You have likely heard others say, “Discretion is the better part of valor”. This is actually a misquote. In fact, Shakespeare’s Falstaff said: “The better part of valor is discretion, in the which better part I have sav’d my life.” You have to understand the context in which Falstaff said this, which was after playing dead to escape being killed. His justification was that words like “honor” and “valor” will get you nothing once you’re dead. Falstaff’s suggestion implies that feigning death in this situation, which was a cowardly act, was defensible because what good are those terms if you are dead?
There is a certain argument made by people in our profession that indeed, having a safety mindset is, well, cowardly. There is a belief that the goal of the reflective vest-wearing, “yard-breather” population is to deprive each and every one of you out there of a draped casket and a bagpipe escort, that ‘tis much better to serve you and your company up as cannon fodder and damn the torpedoes, full speed ahead.
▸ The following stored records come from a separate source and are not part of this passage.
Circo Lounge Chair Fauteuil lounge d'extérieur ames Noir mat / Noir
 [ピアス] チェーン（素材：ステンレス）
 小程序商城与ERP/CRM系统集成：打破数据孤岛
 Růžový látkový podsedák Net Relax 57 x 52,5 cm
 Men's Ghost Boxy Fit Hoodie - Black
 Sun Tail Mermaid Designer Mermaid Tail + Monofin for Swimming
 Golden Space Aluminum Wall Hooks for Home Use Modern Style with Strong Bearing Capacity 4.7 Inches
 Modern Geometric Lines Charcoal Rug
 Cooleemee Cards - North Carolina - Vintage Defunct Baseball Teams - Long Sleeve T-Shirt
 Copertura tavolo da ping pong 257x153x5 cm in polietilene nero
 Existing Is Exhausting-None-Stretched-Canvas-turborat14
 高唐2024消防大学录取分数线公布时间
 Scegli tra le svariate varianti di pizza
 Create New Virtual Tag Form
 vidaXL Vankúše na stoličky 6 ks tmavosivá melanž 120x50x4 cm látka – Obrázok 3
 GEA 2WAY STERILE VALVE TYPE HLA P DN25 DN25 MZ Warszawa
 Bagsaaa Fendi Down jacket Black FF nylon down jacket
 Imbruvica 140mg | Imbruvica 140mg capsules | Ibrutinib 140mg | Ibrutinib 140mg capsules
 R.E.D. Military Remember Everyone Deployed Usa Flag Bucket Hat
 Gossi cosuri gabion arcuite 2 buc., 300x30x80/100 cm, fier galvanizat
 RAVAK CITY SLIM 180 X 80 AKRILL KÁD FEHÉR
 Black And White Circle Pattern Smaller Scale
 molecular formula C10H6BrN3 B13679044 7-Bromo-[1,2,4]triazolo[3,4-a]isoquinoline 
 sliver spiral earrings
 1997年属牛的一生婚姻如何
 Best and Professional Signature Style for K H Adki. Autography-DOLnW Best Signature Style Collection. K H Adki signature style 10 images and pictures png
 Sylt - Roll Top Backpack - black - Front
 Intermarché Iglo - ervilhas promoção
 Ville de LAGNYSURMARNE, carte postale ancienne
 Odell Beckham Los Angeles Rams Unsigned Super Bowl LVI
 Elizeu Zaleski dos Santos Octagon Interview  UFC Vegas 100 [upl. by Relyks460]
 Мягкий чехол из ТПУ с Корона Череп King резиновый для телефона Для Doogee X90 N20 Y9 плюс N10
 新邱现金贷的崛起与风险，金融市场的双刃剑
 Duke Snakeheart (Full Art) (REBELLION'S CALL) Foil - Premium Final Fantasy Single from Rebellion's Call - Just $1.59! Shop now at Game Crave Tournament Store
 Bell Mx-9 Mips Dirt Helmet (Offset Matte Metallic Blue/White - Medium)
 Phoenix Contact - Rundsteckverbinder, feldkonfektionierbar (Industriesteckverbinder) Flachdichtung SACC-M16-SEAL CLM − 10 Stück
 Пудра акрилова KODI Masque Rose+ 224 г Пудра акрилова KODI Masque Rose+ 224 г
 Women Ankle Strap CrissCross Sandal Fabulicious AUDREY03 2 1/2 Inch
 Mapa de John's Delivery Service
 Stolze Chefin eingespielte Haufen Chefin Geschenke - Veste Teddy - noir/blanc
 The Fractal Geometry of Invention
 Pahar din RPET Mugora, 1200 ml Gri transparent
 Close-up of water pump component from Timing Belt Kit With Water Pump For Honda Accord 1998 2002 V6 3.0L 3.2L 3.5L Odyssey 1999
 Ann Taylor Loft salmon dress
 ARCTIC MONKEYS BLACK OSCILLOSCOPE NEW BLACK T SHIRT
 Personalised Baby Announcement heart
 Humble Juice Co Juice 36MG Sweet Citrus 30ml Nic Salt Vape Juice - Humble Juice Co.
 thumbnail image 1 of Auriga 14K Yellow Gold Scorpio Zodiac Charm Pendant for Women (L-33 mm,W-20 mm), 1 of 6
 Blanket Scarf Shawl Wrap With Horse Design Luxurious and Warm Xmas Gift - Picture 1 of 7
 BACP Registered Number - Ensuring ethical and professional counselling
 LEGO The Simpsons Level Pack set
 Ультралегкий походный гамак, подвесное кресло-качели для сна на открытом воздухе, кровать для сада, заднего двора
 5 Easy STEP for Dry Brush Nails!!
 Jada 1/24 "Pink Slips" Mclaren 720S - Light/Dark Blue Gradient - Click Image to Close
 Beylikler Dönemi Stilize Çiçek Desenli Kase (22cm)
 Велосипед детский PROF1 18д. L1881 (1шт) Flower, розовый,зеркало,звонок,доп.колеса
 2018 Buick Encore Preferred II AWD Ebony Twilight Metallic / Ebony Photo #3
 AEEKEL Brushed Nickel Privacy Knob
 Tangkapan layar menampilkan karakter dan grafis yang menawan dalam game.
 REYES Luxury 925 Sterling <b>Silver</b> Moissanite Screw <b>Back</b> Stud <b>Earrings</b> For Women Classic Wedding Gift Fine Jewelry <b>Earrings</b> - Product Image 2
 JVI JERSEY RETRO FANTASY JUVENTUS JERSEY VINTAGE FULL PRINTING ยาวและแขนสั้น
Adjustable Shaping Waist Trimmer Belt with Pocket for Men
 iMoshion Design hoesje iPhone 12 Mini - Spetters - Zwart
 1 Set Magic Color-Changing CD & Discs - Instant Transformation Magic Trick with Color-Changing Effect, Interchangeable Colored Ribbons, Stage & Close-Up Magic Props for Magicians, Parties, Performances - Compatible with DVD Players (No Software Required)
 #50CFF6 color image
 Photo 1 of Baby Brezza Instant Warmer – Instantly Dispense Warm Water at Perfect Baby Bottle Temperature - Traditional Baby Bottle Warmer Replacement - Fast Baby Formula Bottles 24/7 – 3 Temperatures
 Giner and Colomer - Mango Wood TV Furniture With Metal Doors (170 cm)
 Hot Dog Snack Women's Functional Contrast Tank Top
If you want to meet the objective of a LODD funeral, I suggest that at least you do it for a good reason. Unfortunately, given the statistics, that’s the least likely way you’ll go down in our business.
While there are excesses in every aspect of our lives, and I’ll grant that the safety officers sometimes come up with some really less-than-fun approaches to our jobs, you aren’t serving any purpose to get killed in training, except to inflate the LODD death statistic every year. If you happened to be one of the valiant 343 who died saving the equivalent population of several small cities, to me, you are a hero. If you happen to die because you refuse to buckle your seat belt, to me, less so.
We must make snap decisions daily that involve life and death. Sometimes we make good decisions and sometimes, things don’t go as expected. In the eyes of some, discretion suggests cowardice, but to me, discretion suggests a good command of resources and appropriate application of force to create leverage, thus defeating an enemy. Napoleonic conflict didn’t go out of vogue because it was effective; instead commanders realized the solution was impossible if there were a finite number of live bodies available. Thus, there was a practical need to change their approach.
If I may appeal to your rational side, if safe practices are really just sucking the life out of you, then try thinking about it from the perspective of your survivors. When you go off half-cocked and do something you think might be “heroic”, the rest of us often have to clean up the resultant mess. You may be off to Valhalla or whatever it is you believe in, but the rest of us earthbound souls have to pick up where you left off, get the kids to school, pay the bills, go to other calls, etcetera, etcetera. Like it or not, when you tap out 5-5-5-5 on us, life goes on down here. If you want valor, talk to a mother supporting several young children on a firefighter death benefit, or those same children who must go on and now won’t get to see Daddy at Christmas. Those individuals represent valor to me.
Discretion is, in truth, the better part of valor, if you are of the belief that there is more to life than another parking lot. Sometimes it takes more courage to push on. If you can’t see that for yourself, put yourself in the shoes of those who have to deal with the aftermath. If you’re not going to be safe for your own sake, do it for your family. There’s nothing heroic about making dumb choices.
While the vest-wearers may have a job we don’t like as much, in essence, they are there to protect ourselves from ourselves. We have to pull back on the reins sometimes and that goes against what some of you all might like, but honestly, we need a much more mature attitude from everyone on the team when it comes to approach of our most dangerous situations. Like we football coaches say to the youngster who has just done his best T.O. imitation in the end zone: “Act like you’ve been there before.” If we can all exhibit calm, cool, professional behavior, not only will we conquer every emergency, but we might live to talk about it later.